Key News
Asian equities were largely higher as Hong Kong had a very strong day, while Thailand, the Philippines, and Mainland China outperformed, Japan underperformed, and India was closed for Maha Shivaratri, a Hindu festival celebrated annually in honor of the deity Shiva, according to Wikipedia.
Today’s subject line refers to Fleetwood Mac’s song “Go Your Own Way” as, unlike U.S.-listed China stocks Tuesday, Hong Kong shares had a very strong day. Growth stocks led the market higher. The most heavily traded stocks by value were Alibaba, up +4.82%, Xiaomi, up +5.83%, Tencent, up +3.44%, Meituan, up +0.94%, and Semiconductor Manufacturing International (SMIC), up +5.9%. Hong Kong and Mainland China volumes and breadth were very strong as Alibaba traded 5X the pre-September 2024 stimulus levels. Mainland China nearly traded RMB 2 trillion in total turnover, which is impressive since anything over RMB 1 trillion in volume traded was considered high a year ago. Indices are at/near big round numbers, with the Hang Seng at 23,787, the Hang Seng Tech Index at 5,953, Shanghai at 3,380, and Shenzhen at 2,097. Just as we mentioned yesterday, many investors are underweighting the space, which is “most uncomfortable” as the market melts up (yes, knocking on wood).
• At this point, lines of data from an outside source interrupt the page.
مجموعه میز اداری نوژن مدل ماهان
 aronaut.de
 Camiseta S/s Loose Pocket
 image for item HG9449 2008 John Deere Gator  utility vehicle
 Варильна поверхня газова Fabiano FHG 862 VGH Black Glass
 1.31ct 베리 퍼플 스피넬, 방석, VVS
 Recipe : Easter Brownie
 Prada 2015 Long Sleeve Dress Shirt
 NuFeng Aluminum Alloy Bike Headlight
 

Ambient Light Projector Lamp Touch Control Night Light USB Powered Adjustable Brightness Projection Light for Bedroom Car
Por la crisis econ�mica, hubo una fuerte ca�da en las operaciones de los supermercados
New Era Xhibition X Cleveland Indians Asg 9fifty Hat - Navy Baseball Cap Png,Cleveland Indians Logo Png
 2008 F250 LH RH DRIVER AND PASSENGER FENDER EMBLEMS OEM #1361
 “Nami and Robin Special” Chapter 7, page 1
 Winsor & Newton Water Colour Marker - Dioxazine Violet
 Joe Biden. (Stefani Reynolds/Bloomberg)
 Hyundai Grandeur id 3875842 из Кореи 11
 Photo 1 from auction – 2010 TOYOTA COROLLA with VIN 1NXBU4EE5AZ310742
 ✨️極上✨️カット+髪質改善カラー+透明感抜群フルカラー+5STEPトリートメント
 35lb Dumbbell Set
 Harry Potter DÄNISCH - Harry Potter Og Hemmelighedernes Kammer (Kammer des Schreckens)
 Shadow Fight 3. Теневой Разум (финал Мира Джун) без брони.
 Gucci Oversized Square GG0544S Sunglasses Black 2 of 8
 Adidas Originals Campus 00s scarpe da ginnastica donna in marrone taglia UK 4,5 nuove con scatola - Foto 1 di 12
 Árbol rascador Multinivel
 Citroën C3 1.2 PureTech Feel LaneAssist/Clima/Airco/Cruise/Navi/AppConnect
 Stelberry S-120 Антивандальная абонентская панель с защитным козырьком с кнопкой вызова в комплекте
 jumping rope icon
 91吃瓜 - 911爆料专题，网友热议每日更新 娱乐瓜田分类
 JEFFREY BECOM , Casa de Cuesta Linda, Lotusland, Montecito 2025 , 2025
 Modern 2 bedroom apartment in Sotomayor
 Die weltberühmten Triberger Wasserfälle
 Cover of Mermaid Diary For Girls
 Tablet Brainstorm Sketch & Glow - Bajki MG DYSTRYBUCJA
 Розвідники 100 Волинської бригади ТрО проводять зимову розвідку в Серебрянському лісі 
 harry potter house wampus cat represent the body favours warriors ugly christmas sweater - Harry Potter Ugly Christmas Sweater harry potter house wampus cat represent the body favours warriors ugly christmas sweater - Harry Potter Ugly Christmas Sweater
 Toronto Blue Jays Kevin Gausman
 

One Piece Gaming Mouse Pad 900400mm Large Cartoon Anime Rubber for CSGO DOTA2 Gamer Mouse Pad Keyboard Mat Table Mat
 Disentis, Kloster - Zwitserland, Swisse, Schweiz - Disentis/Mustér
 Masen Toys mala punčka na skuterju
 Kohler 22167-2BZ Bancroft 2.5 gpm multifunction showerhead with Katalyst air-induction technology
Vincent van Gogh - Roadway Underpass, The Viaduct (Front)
Several catalysts at play today:
- Bloomberg News reported that three major banks, the Agricultural Bank, Bank of Communications, and Postal Savings Bank, will be recapitalized with $55 billion of government capital, according to “people familiar with the matter.” The article states that this would be the first round of six SOE banks receiving RMB 1T of new capital to “replenish core tier-1 capital.”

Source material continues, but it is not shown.